Prompt: Please say how many lines in the records below contain the word "make", giving the number alone.

Records to process:

+ + +

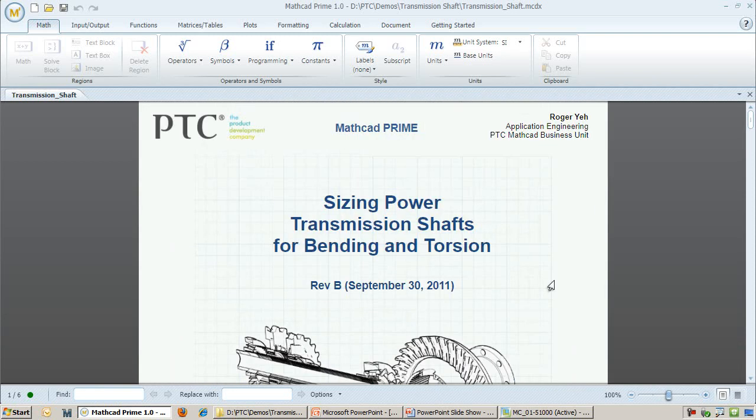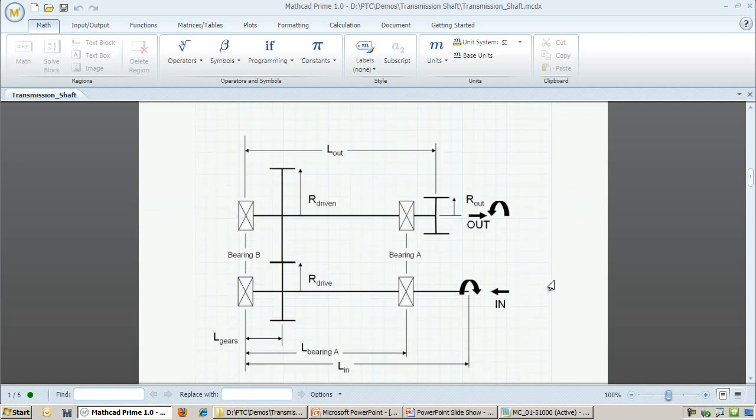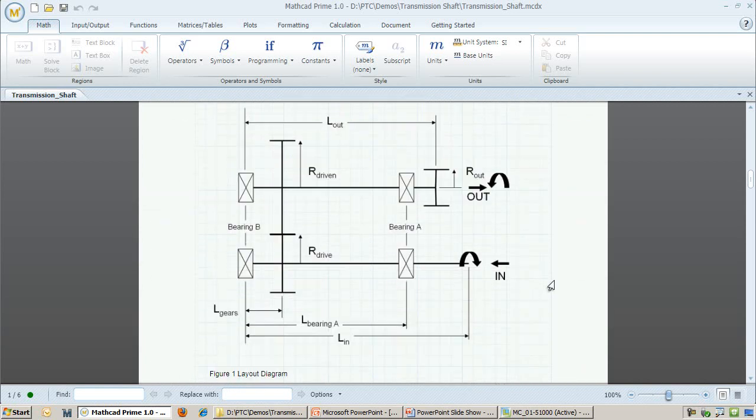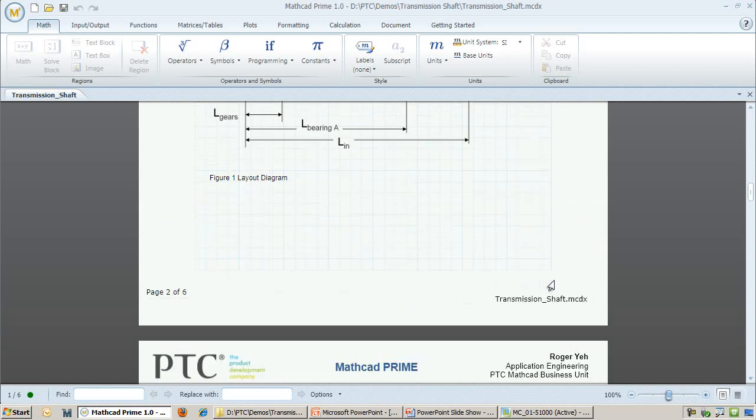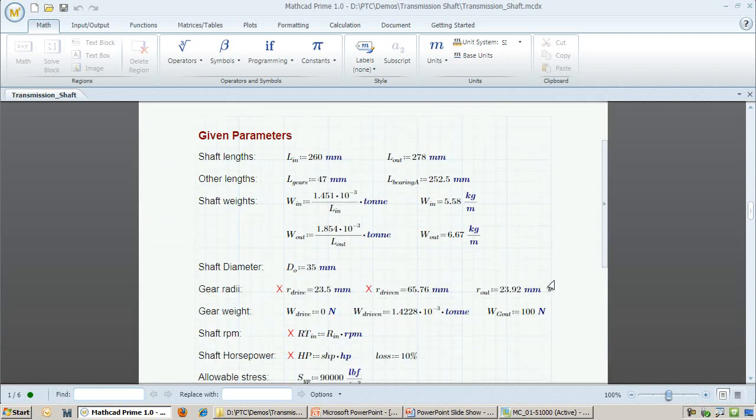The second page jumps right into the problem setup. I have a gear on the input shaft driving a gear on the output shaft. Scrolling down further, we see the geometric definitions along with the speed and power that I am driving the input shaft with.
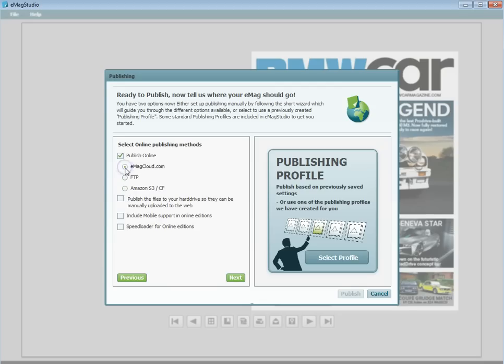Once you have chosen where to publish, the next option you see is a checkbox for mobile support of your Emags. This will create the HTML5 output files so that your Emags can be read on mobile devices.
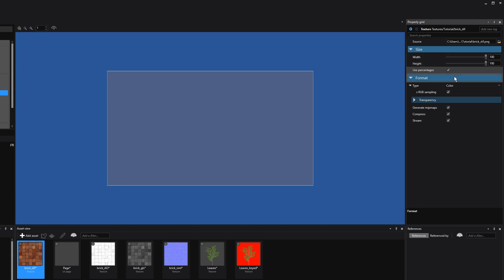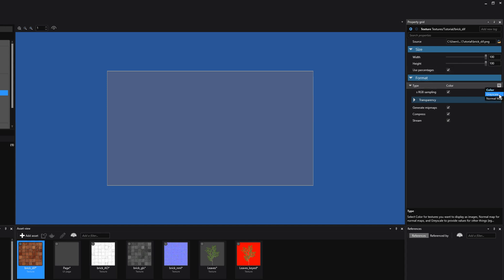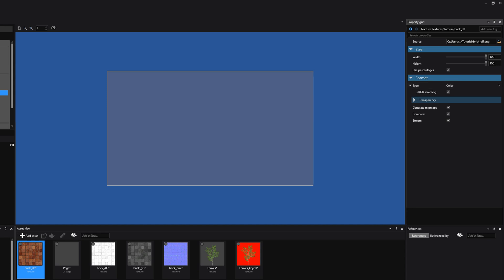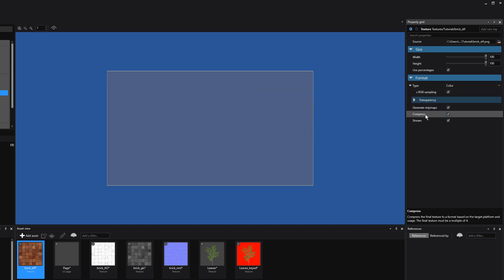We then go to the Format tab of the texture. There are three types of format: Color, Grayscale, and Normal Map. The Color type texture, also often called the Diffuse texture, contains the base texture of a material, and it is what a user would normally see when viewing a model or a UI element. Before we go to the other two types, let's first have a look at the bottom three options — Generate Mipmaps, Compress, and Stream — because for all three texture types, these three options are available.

+ + +

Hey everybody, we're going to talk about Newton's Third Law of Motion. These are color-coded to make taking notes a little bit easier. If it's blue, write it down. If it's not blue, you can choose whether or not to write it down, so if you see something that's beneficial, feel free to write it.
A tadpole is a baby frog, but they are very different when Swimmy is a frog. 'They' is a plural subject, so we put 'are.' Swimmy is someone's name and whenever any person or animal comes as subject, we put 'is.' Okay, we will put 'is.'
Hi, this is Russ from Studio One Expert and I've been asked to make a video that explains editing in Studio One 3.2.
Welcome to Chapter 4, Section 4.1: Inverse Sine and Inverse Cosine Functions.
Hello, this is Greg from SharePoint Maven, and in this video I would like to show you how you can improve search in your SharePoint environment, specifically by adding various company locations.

+ + +

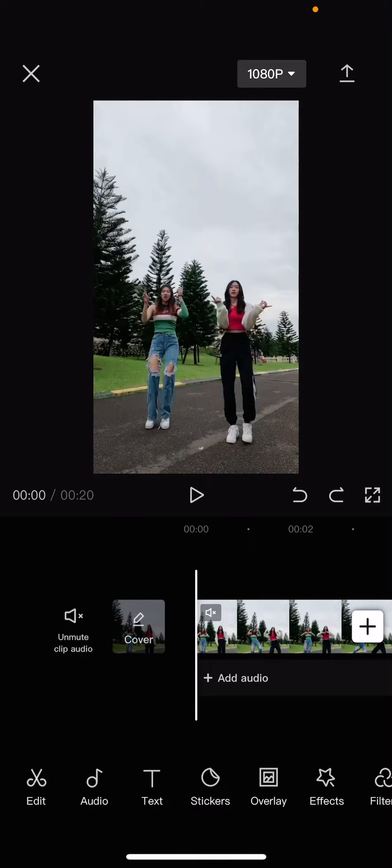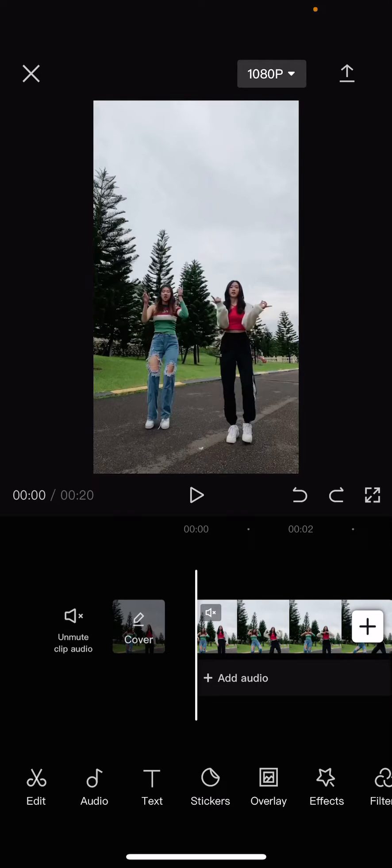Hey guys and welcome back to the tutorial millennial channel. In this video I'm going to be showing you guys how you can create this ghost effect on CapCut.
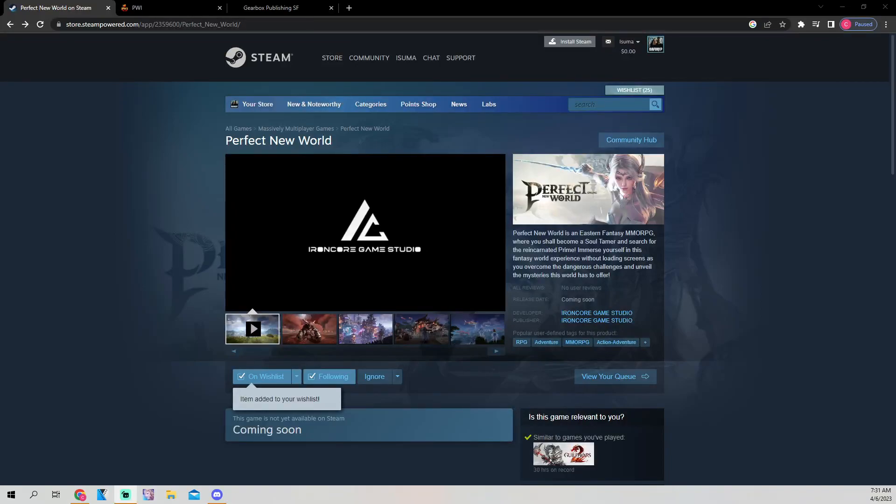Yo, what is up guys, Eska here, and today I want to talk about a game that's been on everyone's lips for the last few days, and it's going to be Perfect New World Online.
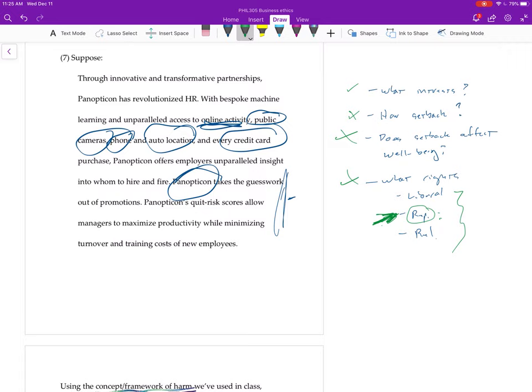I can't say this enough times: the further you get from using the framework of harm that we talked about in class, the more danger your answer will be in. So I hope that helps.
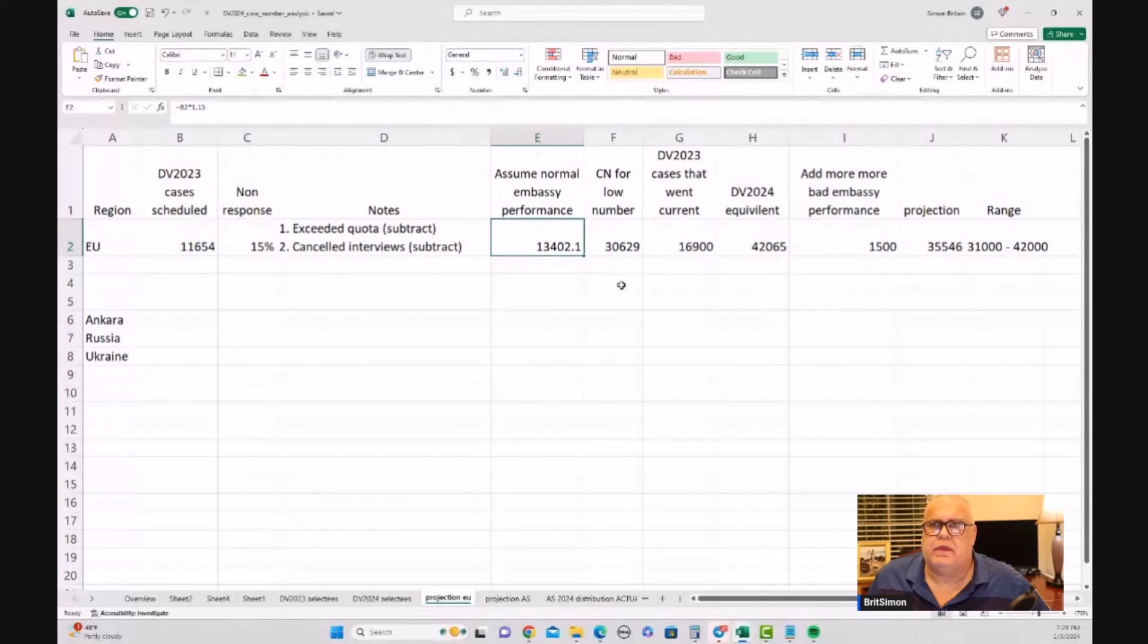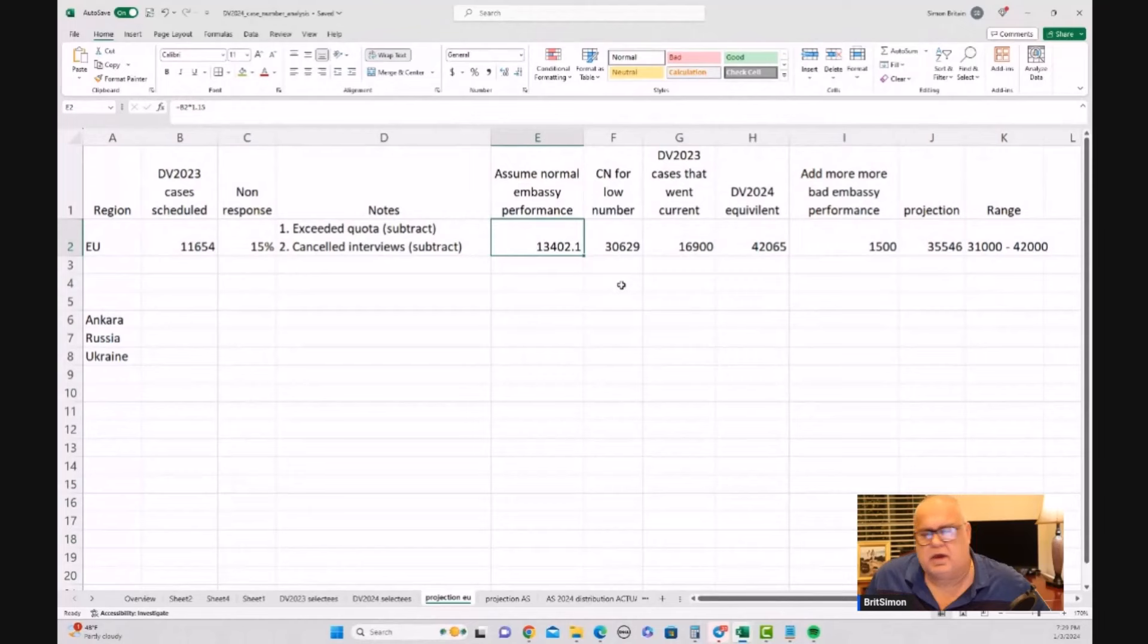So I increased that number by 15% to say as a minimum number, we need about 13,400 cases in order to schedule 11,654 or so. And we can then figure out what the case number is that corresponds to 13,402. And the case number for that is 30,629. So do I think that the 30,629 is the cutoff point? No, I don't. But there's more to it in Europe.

+ + +

Answer below: 2